Povray on ARM

sefsefsefsef · Aug 20, 2012

Ferzerp said:
It has absolutely no practical meaning by itself. It is only when combined with clockspeed and power usage that it has any meaning at all.

IPC always goes down as clockspeed goes up, so it turns out that IPC is never that interesting of a metric, even if you also know clockspeed and power consumption. Workload throughput and latency are all that really matters.

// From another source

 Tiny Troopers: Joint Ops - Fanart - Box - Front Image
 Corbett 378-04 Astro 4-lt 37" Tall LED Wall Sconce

Power consumption is also meaningless on its own, and it's only when you also know the throughput/latency of a workload and can therefore compute some meaningful *energy consumed* metrics that "power consumption" becomes interesting. Who cares if you use 1/8th the power of some other chip if it offers 10x the performance? The high performance, "high power consumption" chip in that scenario is the more energy-efficient choice.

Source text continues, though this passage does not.